I don't know enough about the wchar version of curses to comment on
that.

I do know that, to work reliably, the normal (byte) version of curses
needs to pass "printable" bytes through unmodified.

It is possible for curses to be used with a terminal which doesn't use
the locale's encoding. Specifically, a single process may use curses
with multiple terminals with differing encodings, e.g. an airport
public information system displaying information in multiple
languages.

Also, it's quite common to use non-standard encodings with terminals
(e.g. codepage 437, which has graphic characters beyond the ACS_* set
which terminfo understands).

> The locale encoding is the right encoding to use for conversion of the
> result of strerror, gai_strerror, msg member of gzip compressor state
> etc. When an I/O error occurs and the error code is translated to a
> Haskell exception and then shown to the user, why would the application
> need to specify the encoding and how?

Because the application may be using multiple locales/encodings.
Having had to do this in C (i.e. repeatedly calling setlocale() to
select the correct encoding), I would much prefer to have been able to
pass the locale as a parameter.

[The most common example is printf("%f"). You need to use the C locale
(decimal point) for machine-readable text but the user's locale
(locale-specific decimal separator) for human-readable text. This
isn't directly related to encodings per se, but a good example of why
parameters are preferable to state.]

> > If application code doesn't want to use the locale's encoding, it
> > shouldn't be shoe-horned into doing so because a library developer
> > decided to duck the encoding issues by grabbing whatever encoding
> > was readily to hand (i.e. the locale's encoding).
> 
> If a C library is written with the assumption that texts are in the
> locale encoding, a Haskell binding to such library should respect that
> assumption.

C libraries which use the locale do so as a last resort. K&R C
completely ignored I18N issues. ANSI C added the locale mechanism to
as a hack to provide minimal I18N support while maintaining backward
compatibility and in a minimally-intrusive manner.

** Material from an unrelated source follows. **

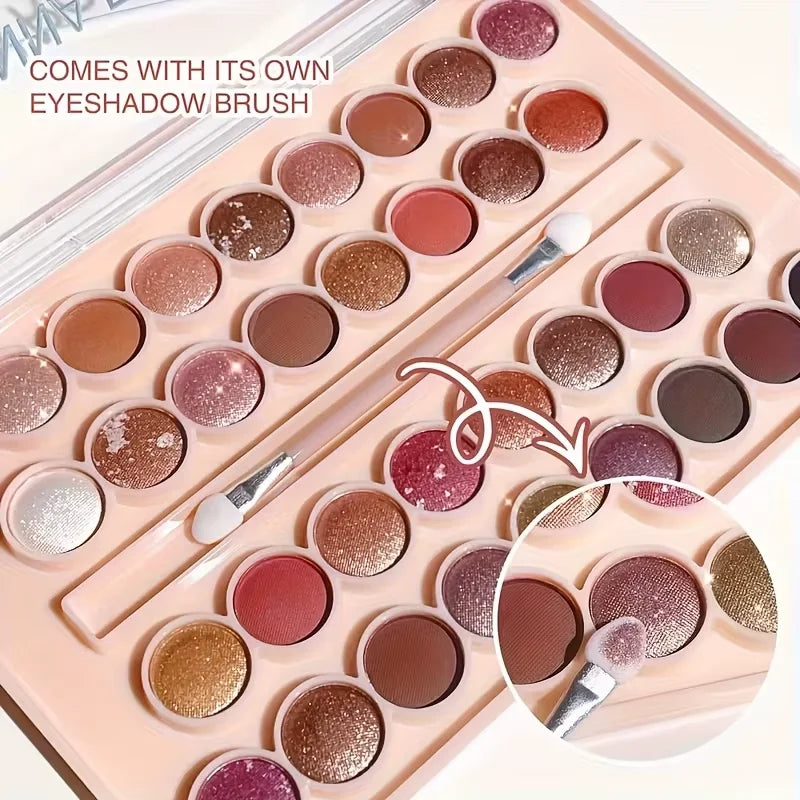 34-Color Eyeshadow Palette with Brush-High Pigment Matte & Shimmer Waterproof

The only reason that the C locale mechanism isn't a major nuisance is
that you can largely ignore it altogether. Code which requires real
I18N can use other mechanisms, and code which doesn't require any I18N
can just pass byte strings around and leave encoding issues to code
which actually has enough context to handle them correctly.

> Only some libraries allow to work with different, explicitly specified
> encodings. Many libraries don't, especially if the texts are not the
> core of the library functionality but error messages.

And most such libraries just treat text as byte strings. They don't
care about their interpretation, or even whether or not they are valid
in the locale's encoding.

-- 
Glynn Clements <glynn at gclements.plus.com>